Die Dialoge sind in alter Verssprache gehalten worden und stehen im krassen Kontrast zu dem modernen Kostümbild von Zsuzsanna Kiss.
In der Antike wurde die Geschichte von der Blutrache Elektras schon von Sophokles (um
410 v. Chr.), von Aischylos und von Euripides dramatisiert. In der Neuzeit schrieb Hugo von Hofmannsthal eine „Elektra“, welche er später zu einem Libretto für Richard Strauss’ Oper „Elektra“ umarbeitete.

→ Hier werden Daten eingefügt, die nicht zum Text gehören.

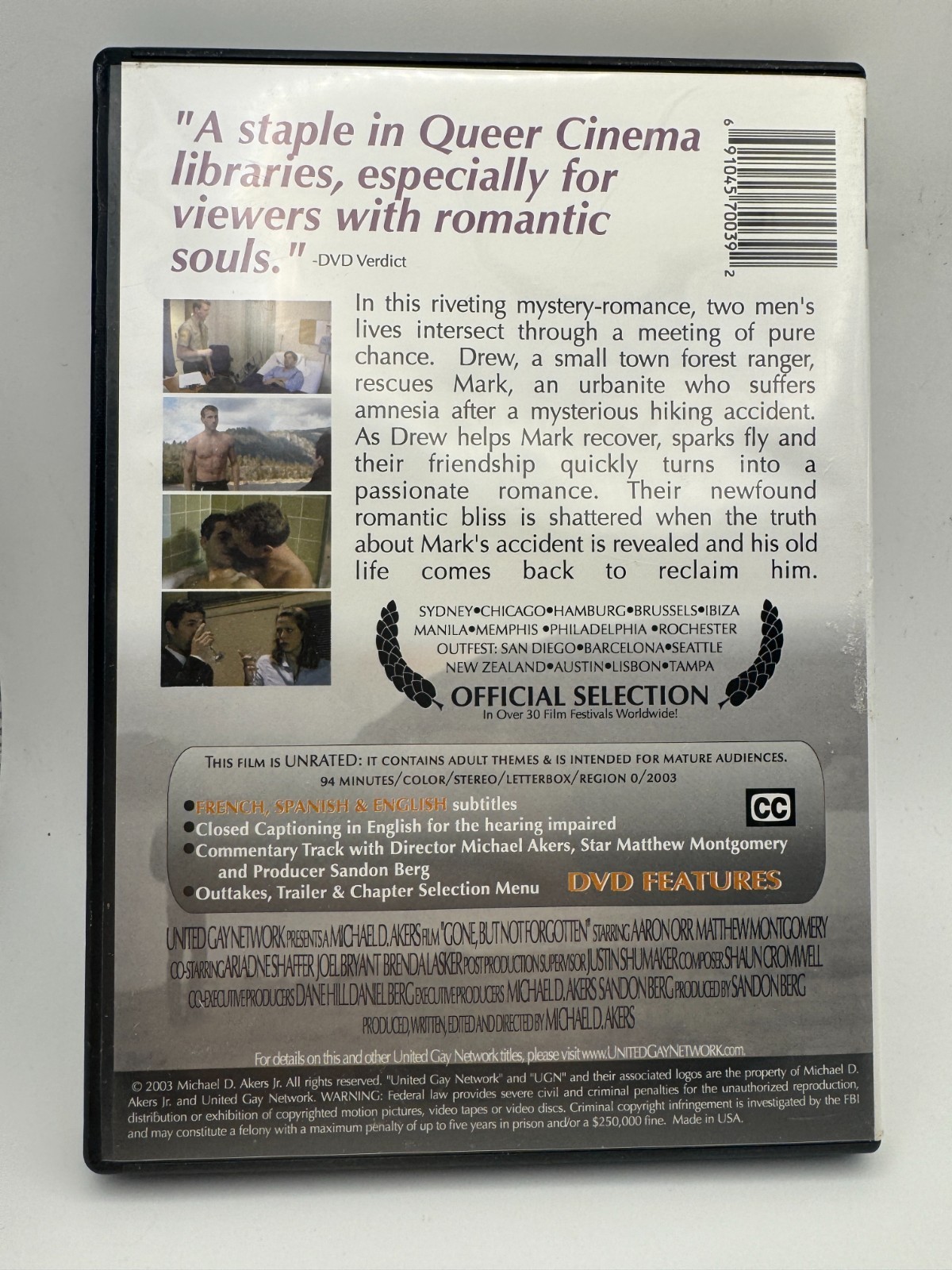 Gone But Not Forgotten (2004) DVD LGBTQ Drama Rare OOP Michael Akers ~ LIKE NEW!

Auch Gerhart Hauptmann verfasste eine „Elektra“, später hat Jean-Paul Sartre den Mythos um Elektra und Orest in seinem Drama „Die Fliegen“ verarbeitet. 1931 veröffentlichte der amerikanische Dramatiker und spätere Nobelpreisträger für Literatur Eugene O’Neill die Trilogie „Trauer muss Elektra tragen“, in der die antike Atridensage nach Neuengland verlegt wird. Auch am „Radu Stanca“-Nationaltheater wurde „Electra“ von der rumänischen Abteilung unter der Regie von Mihai Măniuţiu erfolgreich inszeniert. Die Inszenierung des Deutschen Staatstheaters Temeswar ist eine gelungene Mischung zwischen alt und neu und sollte bei sich ergebender Möglichkeit gesehen werden.